Ukrainian and Turkish officials confirmed that the first Ukraine grain ship bound for Lebanon left the port and that more ships are to follow.
Ukraine’s foreign minister called it “a day of relief for the world,”, especially for countries threatened by food shortages and hunger because of the disrupted shipments.
The shipment was made possible after the United Nations and Turkey brokered a new agreement between Russia and Ukraine for grain and fertilizer exports.
It represented a rare diplomatic breakthrough in the ongoing Russian invasion of Ukraine, which continues with no resolution or end in sight.
Infrastructure Minister Oleksandr Kubrakov said “The first grain ship since #RussianAggression has left the port.

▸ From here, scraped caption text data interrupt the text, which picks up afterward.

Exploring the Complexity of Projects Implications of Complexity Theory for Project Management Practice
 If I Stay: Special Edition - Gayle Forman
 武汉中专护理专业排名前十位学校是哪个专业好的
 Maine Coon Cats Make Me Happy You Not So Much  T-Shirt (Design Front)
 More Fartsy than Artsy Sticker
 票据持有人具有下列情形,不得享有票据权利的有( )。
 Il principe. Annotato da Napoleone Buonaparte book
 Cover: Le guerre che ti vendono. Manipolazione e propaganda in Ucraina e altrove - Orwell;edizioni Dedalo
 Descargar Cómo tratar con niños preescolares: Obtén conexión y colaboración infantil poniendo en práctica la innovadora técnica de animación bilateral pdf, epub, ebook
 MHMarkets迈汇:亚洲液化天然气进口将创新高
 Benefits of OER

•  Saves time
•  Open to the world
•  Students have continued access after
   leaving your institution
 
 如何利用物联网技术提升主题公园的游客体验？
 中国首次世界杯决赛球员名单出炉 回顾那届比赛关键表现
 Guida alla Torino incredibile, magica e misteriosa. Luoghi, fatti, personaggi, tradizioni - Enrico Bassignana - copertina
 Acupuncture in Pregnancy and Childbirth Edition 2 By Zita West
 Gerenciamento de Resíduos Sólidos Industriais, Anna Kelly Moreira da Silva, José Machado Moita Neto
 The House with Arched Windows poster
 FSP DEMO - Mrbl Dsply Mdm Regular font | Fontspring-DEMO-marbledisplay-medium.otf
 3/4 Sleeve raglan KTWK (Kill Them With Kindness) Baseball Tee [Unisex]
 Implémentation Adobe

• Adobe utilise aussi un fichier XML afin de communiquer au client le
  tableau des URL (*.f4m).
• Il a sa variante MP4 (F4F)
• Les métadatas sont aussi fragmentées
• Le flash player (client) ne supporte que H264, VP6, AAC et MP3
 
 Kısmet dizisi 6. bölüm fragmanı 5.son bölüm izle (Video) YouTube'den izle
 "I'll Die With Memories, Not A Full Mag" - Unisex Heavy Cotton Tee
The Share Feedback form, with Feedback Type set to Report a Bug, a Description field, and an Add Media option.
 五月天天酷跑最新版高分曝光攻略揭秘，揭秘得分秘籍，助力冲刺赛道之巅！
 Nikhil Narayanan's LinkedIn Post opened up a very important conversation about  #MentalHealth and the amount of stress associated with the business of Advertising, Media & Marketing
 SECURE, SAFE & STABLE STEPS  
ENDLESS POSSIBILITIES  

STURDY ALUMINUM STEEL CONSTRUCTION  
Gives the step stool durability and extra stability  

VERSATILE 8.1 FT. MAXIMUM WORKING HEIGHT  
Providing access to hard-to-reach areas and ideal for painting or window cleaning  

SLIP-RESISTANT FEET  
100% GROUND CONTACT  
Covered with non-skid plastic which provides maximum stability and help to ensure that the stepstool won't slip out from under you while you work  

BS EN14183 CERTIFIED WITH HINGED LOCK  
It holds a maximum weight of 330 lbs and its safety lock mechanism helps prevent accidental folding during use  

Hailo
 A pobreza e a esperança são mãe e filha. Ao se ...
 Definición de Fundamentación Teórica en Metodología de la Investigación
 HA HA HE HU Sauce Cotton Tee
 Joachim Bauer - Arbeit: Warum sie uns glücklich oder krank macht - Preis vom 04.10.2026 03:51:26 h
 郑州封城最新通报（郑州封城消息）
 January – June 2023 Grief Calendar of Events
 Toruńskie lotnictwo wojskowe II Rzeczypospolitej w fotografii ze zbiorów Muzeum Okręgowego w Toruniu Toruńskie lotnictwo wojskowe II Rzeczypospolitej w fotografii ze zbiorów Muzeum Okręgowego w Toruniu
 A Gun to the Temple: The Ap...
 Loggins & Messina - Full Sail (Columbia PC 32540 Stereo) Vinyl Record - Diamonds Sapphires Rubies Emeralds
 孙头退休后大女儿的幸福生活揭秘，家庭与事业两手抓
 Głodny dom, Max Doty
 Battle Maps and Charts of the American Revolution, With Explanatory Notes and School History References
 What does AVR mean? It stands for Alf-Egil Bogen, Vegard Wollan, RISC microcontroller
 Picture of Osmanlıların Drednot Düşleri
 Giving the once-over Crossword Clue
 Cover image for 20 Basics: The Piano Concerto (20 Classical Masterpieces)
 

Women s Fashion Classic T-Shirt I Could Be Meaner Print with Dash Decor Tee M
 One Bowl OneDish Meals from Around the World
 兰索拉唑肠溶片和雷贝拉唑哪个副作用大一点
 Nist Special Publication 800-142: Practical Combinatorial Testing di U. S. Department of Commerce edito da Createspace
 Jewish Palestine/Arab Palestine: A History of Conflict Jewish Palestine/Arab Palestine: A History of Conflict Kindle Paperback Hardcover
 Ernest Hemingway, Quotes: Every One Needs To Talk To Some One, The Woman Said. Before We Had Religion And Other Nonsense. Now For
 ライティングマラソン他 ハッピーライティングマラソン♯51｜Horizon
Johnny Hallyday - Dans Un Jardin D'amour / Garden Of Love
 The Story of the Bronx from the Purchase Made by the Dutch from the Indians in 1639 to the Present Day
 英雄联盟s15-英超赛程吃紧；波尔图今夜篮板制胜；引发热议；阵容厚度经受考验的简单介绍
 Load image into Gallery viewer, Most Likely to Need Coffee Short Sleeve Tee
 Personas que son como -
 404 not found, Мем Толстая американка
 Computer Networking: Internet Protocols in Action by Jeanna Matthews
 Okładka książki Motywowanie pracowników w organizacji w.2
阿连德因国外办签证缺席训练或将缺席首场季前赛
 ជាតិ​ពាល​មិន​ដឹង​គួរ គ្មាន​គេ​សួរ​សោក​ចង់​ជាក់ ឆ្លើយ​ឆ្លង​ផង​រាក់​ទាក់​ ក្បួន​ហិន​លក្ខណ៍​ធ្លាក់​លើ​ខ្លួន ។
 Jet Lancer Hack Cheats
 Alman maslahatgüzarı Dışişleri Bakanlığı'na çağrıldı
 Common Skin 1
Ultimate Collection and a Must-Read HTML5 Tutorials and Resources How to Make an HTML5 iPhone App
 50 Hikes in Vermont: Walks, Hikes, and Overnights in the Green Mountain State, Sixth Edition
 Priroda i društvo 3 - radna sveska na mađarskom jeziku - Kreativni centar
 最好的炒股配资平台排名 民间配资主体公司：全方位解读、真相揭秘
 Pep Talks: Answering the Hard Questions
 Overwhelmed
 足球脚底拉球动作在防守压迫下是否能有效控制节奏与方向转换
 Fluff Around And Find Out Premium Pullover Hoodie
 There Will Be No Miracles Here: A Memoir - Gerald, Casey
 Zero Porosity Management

Today Ukraine, together with its partners, makes another step to prevent world hunger.”
The ship, named Razoni, is headed to Lebanon, after transiting through the Bosporus Strait.
When Russia invaded Ukraine on February 24, it also created a massive worldwide food and energy crisis. The United Nations has warned of the risk of multiple famines this year because of it.
Russia and Ukraine account for nearly a third of global wheat exports. But Western sanctions on Russia and fighting along Ukraine’s eastern seaboard had prevented grain ships from safely leaving ports.
The European Union and NATO welcomed today the departure of the grain shipment as a “first step” towards easing the food crisis caused by the Russian invasion.
But EU spokesman Peter Stano said Brussels still expects the “implementation of the whole deal and resumption of Ukrainian exports to the customers around the world.”
NATO Secretary General Jens Stoltenberg also separately said that western allies “strongly support the full implementation of the deal to ease the global food crisis caused by Russia’s war in Ukraine”.